Facts and Procedural Background
On November 14, 2016, the plaintiff, Technology Assigned Risk, LLC, filed two consolidated actions against the defendants, Hobbs, Inc. (Hobbs) and Randall Burr. In both actions, the plaintiff alleges the following facts. The plaintiff is the workers' compensation insurance carrier for RCO Construction, LLC (RCO). On September 15, 2015, Joao Saules (Docket No. CV-16-6060567-S) and Fabio Campos (Docket No. CV-16-6060578-S) were employed by RCO and working on construction of a new residence in Greenwich. Both men were working on raising a wall for the new structure when the wall accidentally collapsed and seriously injured them.
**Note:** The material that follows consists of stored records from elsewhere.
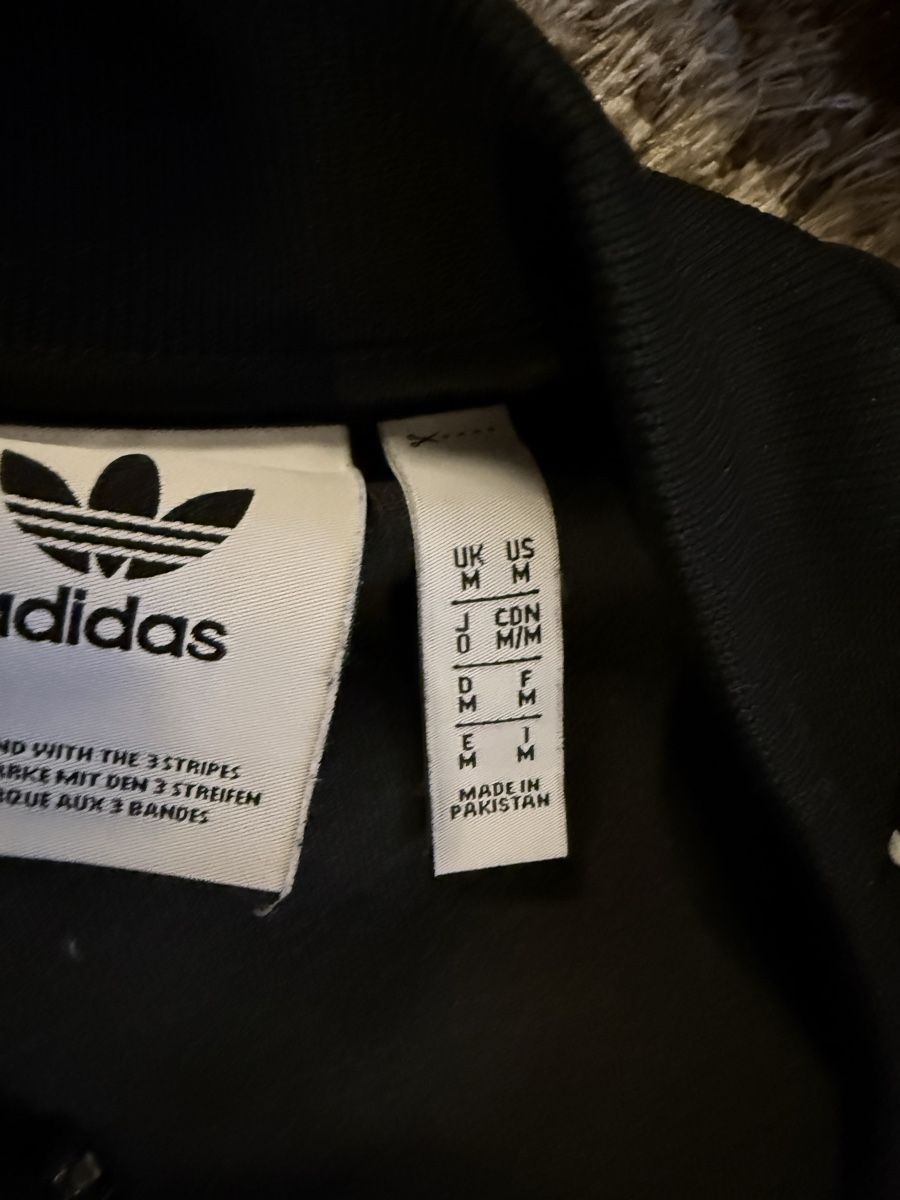 Adidas Giacche: Adidas Sweatjacke | Grösse M, schwarz – Nuovo (secondo la descrizione) da Küsnacht ZH venduto da Wozdav 2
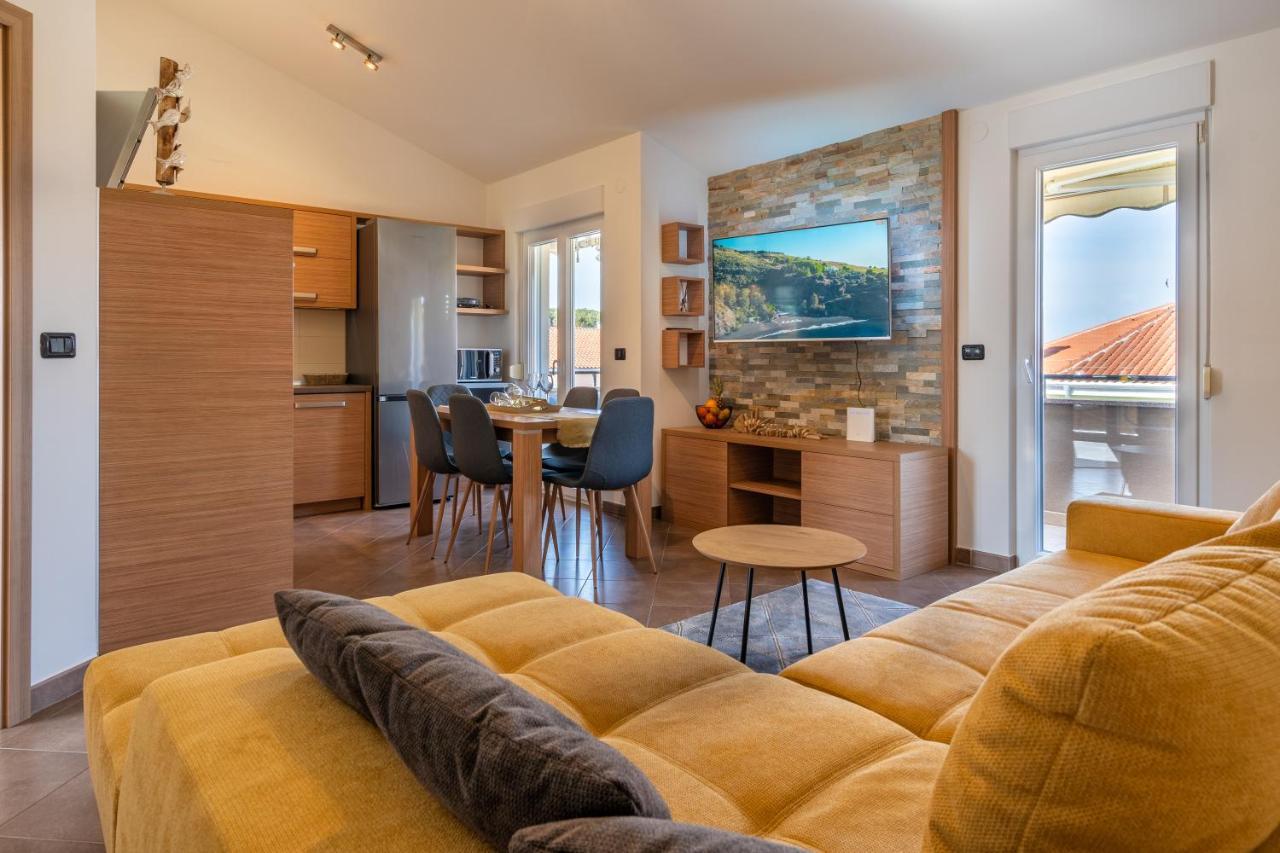 Penthouse Gea Lägenhet Premantura Exteriör bild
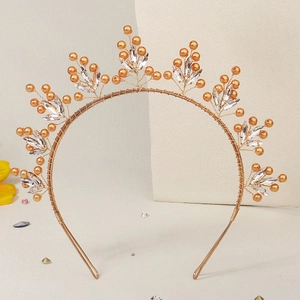Détail macro du serre-tête en fil doré fait main avec perles ambre et cristaux clairs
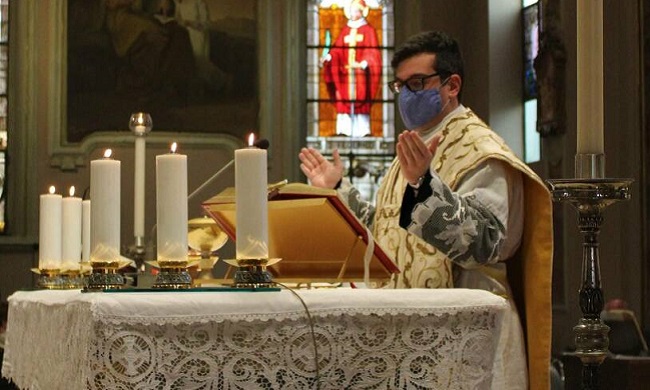 Abusi su minori, arrestato don Emanuele Tempesta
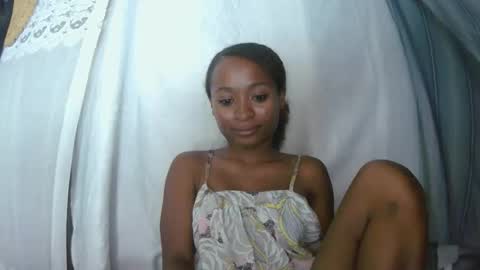 francine925426 online show from 12-04-25, 07:00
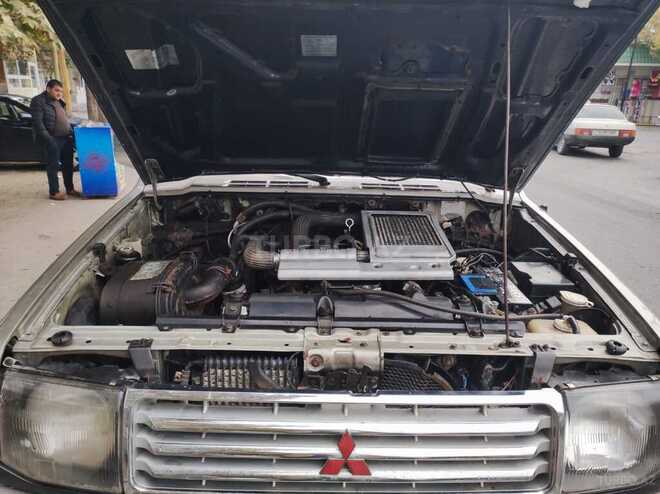 Mitsubishi Pajero 1995, 250,000 km - 2.8 l - Sumqayıt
At the time of the accident, RCO was a contractor pursuant to a written subcontractor agreement for the defendant Hobbs, which served as a general contractor for the project. The plaintiff further alleges that the defendant Burr was " the construction manager on behalf of Hobbs, Inc. . . . who exercised possession, control and supervision over the entire construction project and work performed" at the site on the day of the accident.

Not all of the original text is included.